(Collected data entries)

========================================

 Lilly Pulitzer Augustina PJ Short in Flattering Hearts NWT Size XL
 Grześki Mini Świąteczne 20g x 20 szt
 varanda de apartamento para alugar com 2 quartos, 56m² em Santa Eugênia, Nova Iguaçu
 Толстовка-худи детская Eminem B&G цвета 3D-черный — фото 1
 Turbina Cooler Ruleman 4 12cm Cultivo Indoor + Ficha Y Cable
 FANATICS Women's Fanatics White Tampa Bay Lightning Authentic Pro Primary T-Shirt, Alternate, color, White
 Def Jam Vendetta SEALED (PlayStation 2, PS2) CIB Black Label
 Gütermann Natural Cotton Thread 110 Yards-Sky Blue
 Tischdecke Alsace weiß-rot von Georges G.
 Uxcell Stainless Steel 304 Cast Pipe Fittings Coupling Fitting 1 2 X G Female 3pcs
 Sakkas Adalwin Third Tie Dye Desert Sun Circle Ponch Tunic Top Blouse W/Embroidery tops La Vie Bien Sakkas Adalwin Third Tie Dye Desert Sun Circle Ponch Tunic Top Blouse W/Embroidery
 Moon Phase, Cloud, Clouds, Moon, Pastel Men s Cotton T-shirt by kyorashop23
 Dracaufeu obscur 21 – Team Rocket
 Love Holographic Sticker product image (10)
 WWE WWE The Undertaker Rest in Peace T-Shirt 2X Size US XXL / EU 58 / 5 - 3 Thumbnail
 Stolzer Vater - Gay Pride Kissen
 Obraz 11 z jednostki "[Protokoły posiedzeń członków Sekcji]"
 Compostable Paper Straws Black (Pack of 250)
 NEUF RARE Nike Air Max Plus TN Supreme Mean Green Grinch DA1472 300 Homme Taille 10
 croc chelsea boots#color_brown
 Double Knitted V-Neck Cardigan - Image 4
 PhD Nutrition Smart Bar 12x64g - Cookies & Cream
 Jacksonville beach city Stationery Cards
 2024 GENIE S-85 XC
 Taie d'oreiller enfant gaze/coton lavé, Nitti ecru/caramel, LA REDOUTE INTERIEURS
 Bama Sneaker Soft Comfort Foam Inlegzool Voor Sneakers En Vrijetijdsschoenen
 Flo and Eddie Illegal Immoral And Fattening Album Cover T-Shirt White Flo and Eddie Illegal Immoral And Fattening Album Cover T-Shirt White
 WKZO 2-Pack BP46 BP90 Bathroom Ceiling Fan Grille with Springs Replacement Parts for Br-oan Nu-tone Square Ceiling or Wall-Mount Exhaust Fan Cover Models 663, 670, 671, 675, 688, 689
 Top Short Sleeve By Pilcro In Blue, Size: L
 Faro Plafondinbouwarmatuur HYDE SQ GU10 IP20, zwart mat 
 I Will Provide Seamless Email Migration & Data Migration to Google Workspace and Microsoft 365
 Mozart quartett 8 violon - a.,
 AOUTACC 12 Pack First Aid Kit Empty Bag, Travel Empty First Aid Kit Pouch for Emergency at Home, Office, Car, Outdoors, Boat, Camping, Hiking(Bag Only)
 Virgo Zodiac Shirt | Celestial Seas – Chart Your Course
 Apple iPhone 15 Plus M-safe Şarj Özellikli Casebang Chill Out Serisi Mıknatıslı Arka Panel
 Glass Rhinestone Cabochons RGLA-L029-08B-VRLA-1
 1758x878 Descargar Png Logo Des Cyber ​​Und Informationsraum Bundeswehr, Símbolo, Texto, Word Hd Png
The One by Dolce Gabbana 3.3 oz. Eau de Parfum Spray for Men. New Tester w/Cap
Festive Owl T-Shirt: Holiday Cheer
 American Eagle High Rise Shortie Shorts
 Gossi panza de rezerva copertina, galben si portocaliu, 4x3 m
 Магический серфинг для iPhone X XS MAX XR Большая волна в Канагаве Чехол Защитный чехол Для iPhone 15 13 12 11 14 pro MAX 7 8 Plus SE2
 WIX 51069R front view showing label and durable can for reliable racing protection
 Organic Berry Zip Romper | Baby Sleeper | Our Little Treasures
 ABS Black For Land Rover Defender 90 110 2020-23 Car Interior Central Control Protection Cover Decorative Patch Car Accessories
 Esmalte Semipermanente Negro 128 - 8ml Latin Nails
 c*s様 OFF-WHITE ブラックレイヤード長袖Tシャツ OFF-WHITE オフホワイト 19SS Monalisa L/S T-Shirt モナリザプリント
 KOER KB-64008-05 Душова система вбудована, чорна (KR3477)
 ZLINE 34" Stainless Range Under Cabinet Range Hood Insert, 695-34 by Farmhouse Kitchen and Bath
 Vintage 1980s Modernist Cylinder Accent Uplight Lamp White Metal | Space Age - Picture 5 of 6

========================================

What lines above contain "Blue"? Copy them out.

Result of this task |
 Gütermann Natural Cotton Thread 110 Yards-Sky Blue
 Top Short Sleeve By Pilcro In Blue, Size: L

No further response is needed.